Subject:
Mathematics
Material Type:
Lesson Plan
Level:
Middle School
Grade:
7
Provider:
Pearson
Tags:
  • 7th Grade Mathematics
  • Problem-Solving
  • License:
    Creative Commons Attribution Non-Commercial
    Language:
    English
    Media Formats:
    Text/HTML

    Education Standards

    Solution Strategies

    Solution Strategies

    Overview

    Students have an opportunity to review their own work on the Self Check in the previous lesson, consider feedback that addresses specific aspects of their work, examine a different approach to the problem from the Self Check, and then use what they learned to solve a closely related problem.

    Key Concepts

    Students reflect on their work, review and critique student work on the same problem, and then apply their learning to solve a similar problem.

    Goals and Learning Objectives

    • Use teacher comments to refine their solution strategies for a proportional relationship problem
    • Deepen their understanding of proportional relationships.
    • Synthesize and connect strategies for representing and investigating proportional relationships.
    • Critique given student work involving proportional relationships.
    • Apply deepened understanding of proportional relationships to a new problem situation.

    Critique

    Lesson Guide

    Return students’ solutions to the Self Check task. If you have not added questions to individual pieces of work, write your list of questions on the board now. Students can then select questions appropriate to their own work.

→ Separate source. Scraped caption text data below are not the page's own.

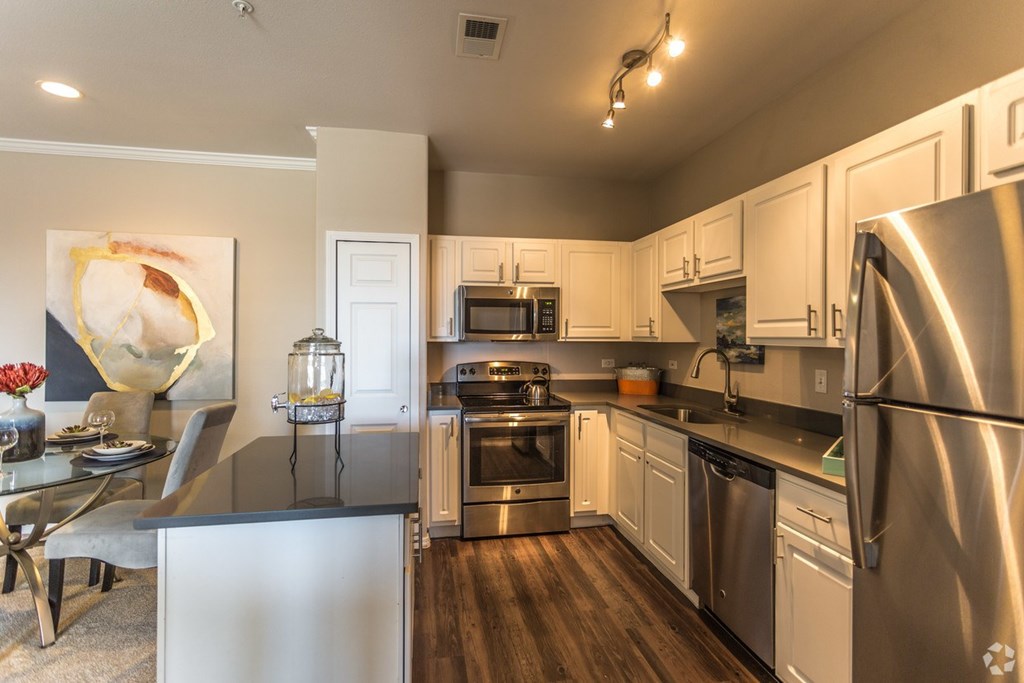A modern kitchen with stainless steel appliances and white cabinets. at The Viridian Apartments, Greenwood Village 80111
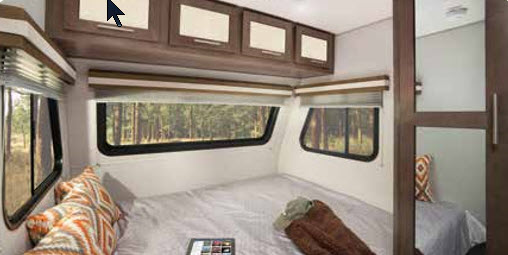 Cozy RV rental bedroom with a comfortable bed, overhead cabinets, and windows offering a forest view. Ideal for your next adventure.. Forest River Other 2019
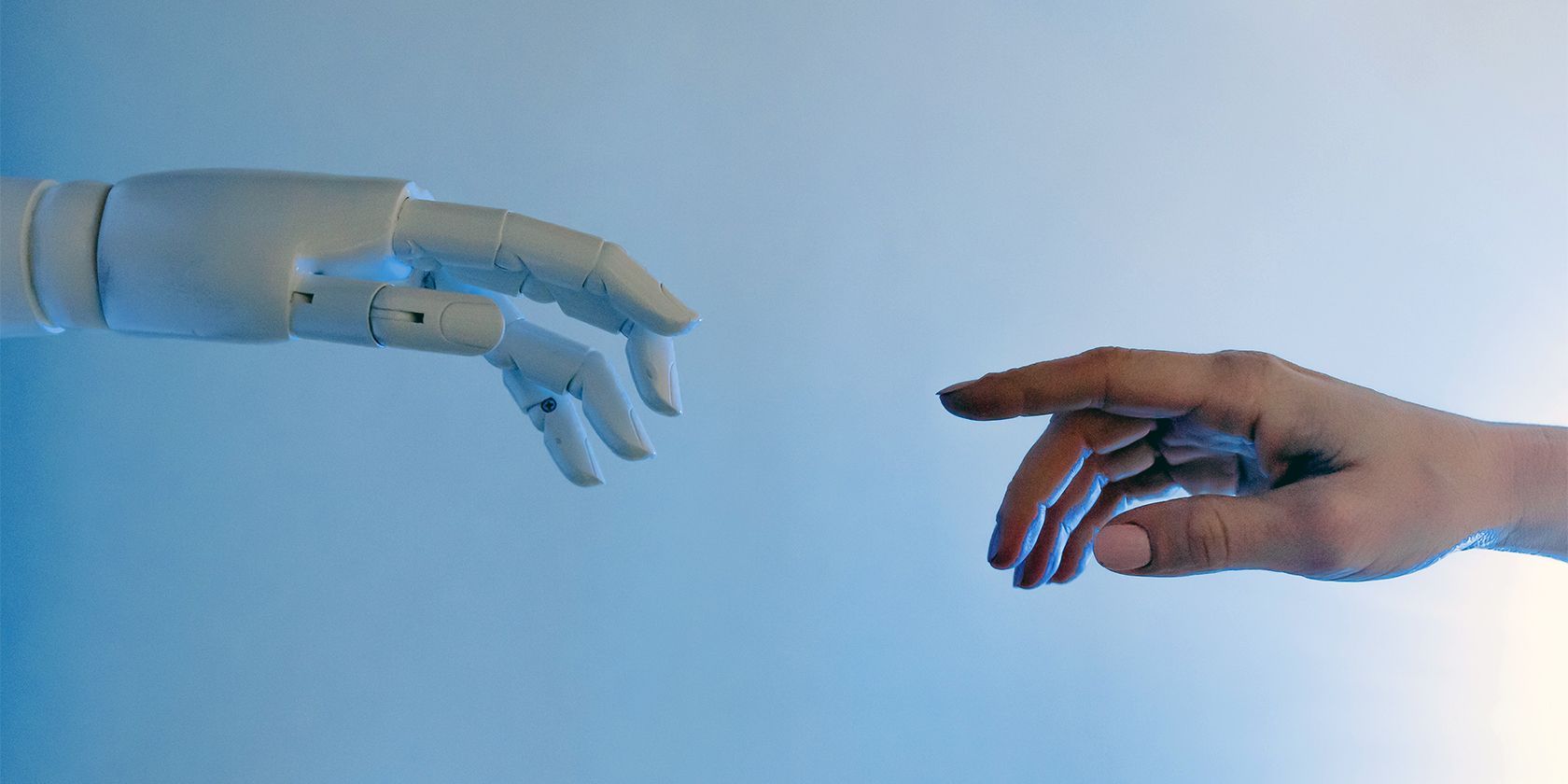 Robot hand reaching out to a human hand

    Give students a few minutes to read over the feedback.

    SWD: Make sure that all students have access to and can comprehend the information in the rubric so that they can accurately interpret your assessment of their work.

    Students with disabilities may benefit from support in understanding the expectations. Allow multiple means of representing the information in the rubric (visual presentation of text, TTS, visual supports, etc.).

    Opening

    Critique

    Review your work on the Self Check problem and think about these questions.

    • What are the two quantities that vary in relation to one another in this situation?
    • Can you describe in words the relationship between the price and the amount of paint?
    • Is there a constant of proportionality in this situation?
    • Can you write a formula using the unit rate that would enable you to find one quantity if you knew the other quantity?

    Math Mission

    Lesson Guide

    Discuss the Math Mission. Students will apply their knowledge of proportional relationships to solve a real-world problem and critique another student’s work.

    Opening

    Apply your knowledge of proportional relationships to solve a real-world problem and critique another student’s work.

    Karen’s Work

    Lesson Guide

    Have students work in pairs on all problems.

    Students examine sample student work on the same problem they did in the Self Check in the previous lesson. Karen’s sample work includes both errors and good strategies, though her strategies are specific to each computation rather than being generalized and informed by what students should know about proportional relationships.

    SWD: One way to start the discussion is to ask students what questions arose during the pre-assessment. Student-initiated inquiry promotes connection and engagement with the mathematics. Provide positive feedback, using gestures and prompting, to elicit deeper responses.

    Mathematical Practices

    Mathematical Practice 2: Reason abstractly and quantitatively.

    • Watch for students who use the referents in the situation to check whether or not Karen’s (or their own) solution makes sense and who then check the values abstractly.

    Mathematical Practice 3: Construct viable arguments and critique the reasoning of others.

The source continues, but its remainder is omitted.